Lawmakers also passed legislation requiring Topinka to release $250 million in disputed funds. The money comes from special funds, and Topinka has questioned the Blagojevich administration's authority to use that money for general purposes.

The Democratic budget plan does not include the governor's proposal to borrow $3 billion to build schools and roads. That needed a three-fifths majority to pass, which would have required Republican support. Hoping to spotlight Republican opposition, Democrats proposed a stand-alone $500 million school construction plan Thursday, which GOP lawmakers said lacked a source of revenue to repay the debt. The vote was 62-43, and it needed 71 votes to pass.

PAY RAISE

The Senate also adjourned Thursday night without taking action to block a scheduled pay raise for state officials. Senate President Emil Jones, D-Chicago, maintained lawmakers could still block the raises when they return to work in November.

HORSE RACING

Lawmakers also passed legislation that would require lucrative Illinois riverboat casinos in the Chicago area to share their profits with the state's horse-racing industry.

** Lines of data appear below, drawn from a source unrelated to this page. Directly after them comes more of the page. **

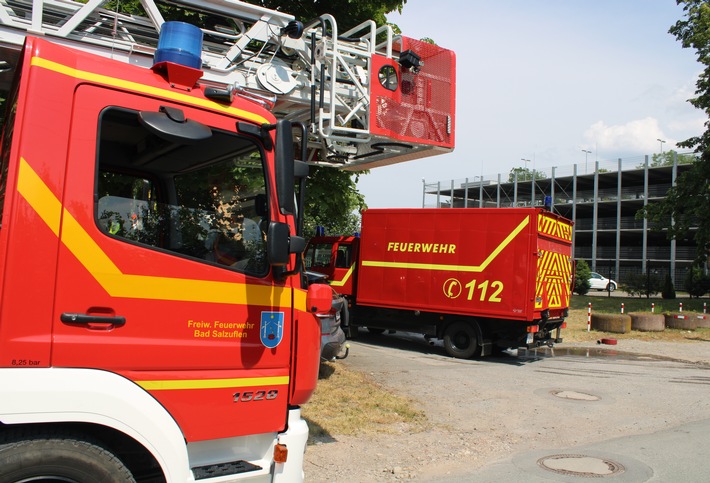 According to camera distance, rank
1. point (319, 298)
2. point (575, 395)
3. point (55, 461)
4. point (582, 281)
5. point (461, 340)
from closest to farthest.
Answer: point (55, 461)
point (319, 298)
point (575, 395)
point (461, 340)
point (582, 281)

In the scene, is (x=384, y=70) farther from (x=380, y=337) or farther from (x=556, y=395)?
(x=380, y=337)

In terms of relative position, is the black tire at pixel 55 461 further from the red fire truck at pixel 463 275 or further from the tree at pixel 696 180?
the tree at pixel 696 180

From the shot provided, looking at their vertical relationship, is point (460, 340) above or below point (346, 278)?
below

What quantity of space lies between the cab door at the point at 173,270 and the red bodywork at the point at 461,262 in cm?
874

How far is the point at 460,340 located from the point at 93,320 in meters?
10.2

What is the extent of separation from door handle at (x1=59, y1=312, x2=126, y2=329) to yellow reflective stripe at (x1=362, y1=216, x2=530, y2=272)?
31.6ft

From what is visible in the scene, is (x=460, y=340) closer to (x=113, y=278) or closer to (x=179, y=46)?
(x=179, y=46)

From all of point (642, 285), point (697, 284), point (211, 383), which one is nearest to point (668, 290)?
point (642, 285)

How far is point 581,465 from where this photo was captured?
573 cm

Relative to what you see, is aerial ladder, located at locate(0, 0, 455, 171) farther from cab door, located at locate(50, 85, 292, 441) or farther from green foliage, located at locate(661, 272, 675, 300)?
green foliage, located at locate(661, 272, 675, 300)

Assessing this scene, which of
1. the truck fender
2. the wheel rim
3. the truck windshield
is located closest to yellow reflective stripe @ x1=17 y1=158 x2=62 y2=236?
the truck windshield

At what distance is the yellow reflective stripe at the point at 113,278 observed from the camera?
2855mm

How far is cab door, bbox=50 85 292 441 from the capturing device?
2959 mm

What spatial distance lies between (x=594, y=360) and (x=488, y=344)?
7.51 feet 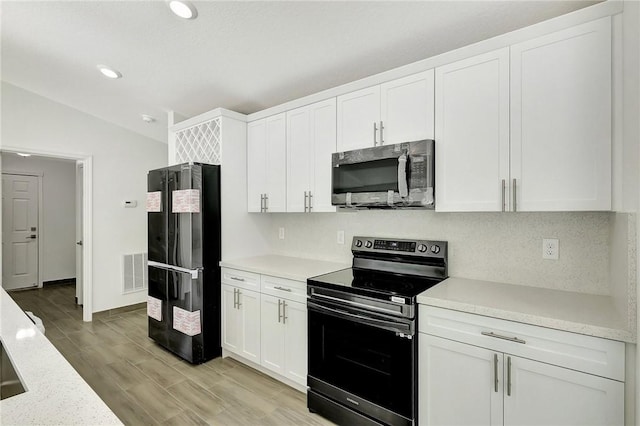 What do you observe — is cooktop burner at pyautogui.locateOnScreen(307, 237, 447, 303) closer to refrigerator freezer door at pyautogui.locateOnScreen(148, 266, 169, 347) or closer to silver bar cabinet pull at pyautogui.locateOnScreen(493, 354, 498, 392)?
silver bar cabinet pull at pyautogui.locateOnScreen(493, 354, 498, 392)

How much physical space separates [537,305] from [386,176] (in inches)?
43.9

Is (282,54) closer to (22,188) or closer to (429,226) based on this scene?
(429,226)

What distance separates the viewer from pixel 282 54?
8.04 feet

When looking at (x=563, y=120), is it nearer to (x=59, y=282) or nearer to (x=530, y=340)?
(x=530, y=340)

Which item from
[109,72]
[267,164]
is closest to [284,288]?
[267,164]

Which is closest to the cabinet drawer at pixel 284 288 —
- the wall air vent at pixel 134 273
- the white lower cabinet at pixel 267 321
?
the white lower cabinet at pixel 267 321

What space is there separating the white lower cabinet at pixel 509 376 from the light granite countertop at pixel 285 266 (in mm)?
Answer: 967

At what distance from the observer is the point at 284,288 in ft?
8.18

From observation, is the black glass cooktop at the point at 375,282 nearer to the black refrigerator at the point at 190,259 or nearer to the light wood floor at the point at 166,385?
the light wood floor at the point at 166,385

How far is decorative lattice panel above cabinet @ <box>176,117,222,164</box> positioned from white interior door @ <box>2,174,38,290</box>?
4353 millimetres

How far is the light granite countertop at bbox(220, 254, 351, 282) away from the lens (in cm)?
247

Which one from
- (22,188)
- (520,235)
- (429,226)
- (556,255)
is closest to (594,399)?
(556,255)

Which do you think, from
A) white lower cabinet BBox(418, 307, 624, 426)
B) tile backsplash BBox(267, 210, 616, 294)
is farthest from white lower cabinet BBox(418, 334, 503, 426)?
tile backsplash BBox(267, 210, 616, 294)

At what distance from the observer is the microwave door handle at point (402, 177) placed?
2.05m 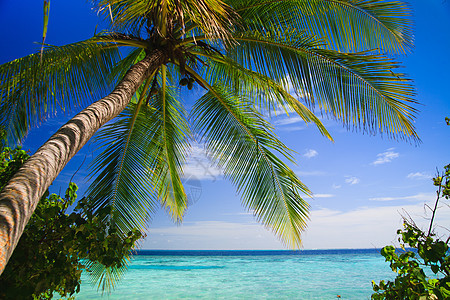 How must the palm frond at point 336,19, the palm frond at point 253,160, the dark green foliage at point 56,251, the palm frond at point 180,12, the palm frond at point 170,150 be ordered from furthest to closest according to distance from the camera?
the palm frond at point 170,150, the palm frond at point 253,160, the palm frond at point 336,19, the palm frond at point 180,12, the dark green foliage at point 56,251

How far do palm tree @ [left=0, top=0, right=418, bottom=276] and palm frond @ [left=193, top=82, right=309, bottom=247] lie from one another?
0.06 feet

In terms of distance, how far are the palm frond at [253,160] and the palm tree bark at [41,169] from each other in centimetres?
260

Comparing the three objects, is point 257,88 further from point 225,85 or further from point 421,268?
point 421,268

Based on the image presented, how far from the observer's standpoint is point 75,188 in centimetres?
282

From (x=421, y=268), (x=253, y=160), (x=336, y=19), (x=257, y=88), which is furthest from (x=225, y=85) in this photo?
(x=421, y=268)

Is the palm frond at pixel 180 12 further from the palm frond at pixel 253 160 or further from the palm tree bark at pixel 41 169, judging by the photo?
the palm frond at pixel 253 160

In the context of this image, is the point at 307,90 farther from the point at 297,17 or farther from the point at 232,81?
the point at 232,81

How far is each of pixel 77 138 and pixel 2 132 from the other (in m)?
1.18

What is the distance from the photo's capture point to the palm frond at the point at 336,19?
4387 mm

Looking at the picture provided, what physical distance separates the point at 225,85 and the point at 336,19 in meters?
2.22

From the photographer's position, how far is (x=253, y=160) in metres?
5.52

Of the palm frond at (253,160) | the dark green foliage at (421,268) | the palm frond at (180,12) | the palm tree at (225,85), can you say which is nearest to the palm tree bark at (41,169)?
the palm tree at (225,85)

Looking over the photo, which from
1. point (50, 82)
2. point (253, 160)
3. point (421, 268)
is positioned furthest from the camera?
point (253, 160)

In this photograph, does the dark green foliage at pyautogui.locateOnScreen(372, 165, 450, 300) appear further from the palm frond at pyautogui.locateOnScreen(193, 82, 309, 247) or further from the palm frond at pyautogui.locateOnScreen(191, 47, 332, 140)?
the palm frond at pyautogui.locateOnScreen(193, 82, 309, 247) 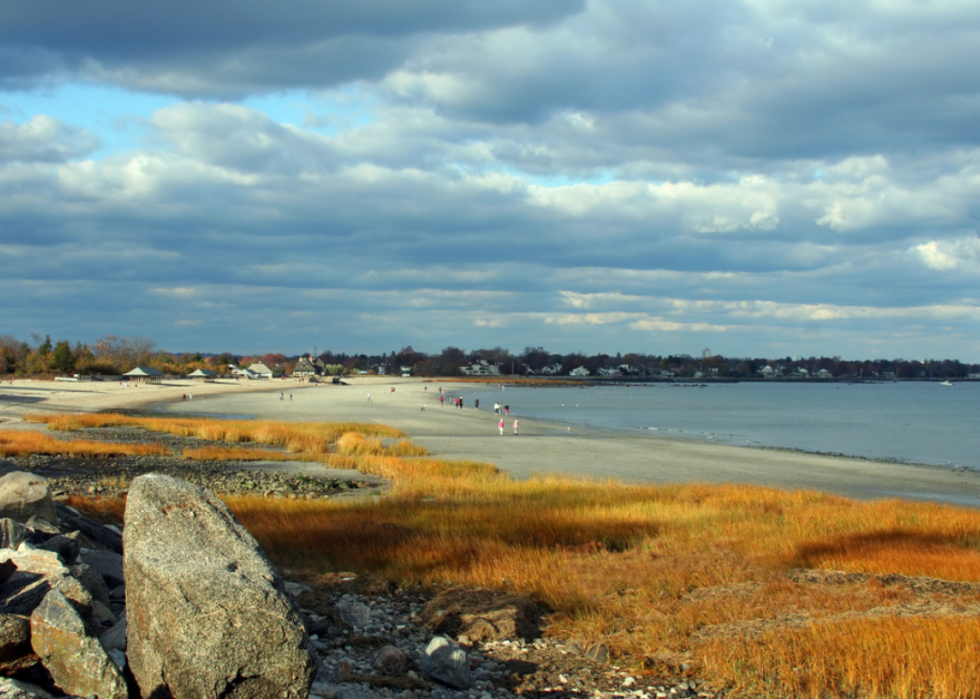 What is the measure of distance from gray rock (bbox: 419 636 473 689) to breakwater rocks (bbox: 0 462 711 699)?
12 millimetres

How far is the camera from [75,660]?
480cm

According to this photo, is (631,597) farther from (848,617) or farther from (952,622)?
(952,622)

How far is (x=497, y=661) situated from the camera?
7.26m

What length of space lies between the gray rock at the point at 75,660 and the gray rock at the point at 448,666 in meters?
2.61

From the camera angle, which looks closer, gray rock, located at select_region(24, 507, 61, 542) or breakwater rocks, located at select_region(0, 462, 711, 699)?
breakwater rocks, located at select_region(0, 462, 711, 699)

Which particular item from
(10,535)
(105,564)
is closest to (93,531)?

A Blagojevich spokeswoman says the governor will sign the bill into law.

Casinos clearing $200 million a year would have to pay 3% of their profits to a fund that would subsidize horse racing tracks, breeders and owners.

Officials estimate $36 million would go to racing, 60% of that would go to boost purses for race winners. Racing advocates say winnings not high enough to lure quality trainers to improve race horses.

The law would expire in two years. Officials say they hope to have a comprehensive answer to the future of gambling by then.

PAUL SIMON PARKWAY & FREEWAY

Another piece of legislation now on Gov. Blagojevich's desk would name two stretches of road in the Metro-East after the late Sen. Paul Simon.

If signed, the measure would rename part of Illinois 162 in Troy as the "Paul Simon Parkway." At the age of 19, Simon became the youngest editor-publisher in the country when he took over the Troy Tribune newspaper.

A two-mile stretch of Interstate 270 in Troy will also be dubbed the "Paul Simon Freeway." Simon died in 2003 at the age of 75.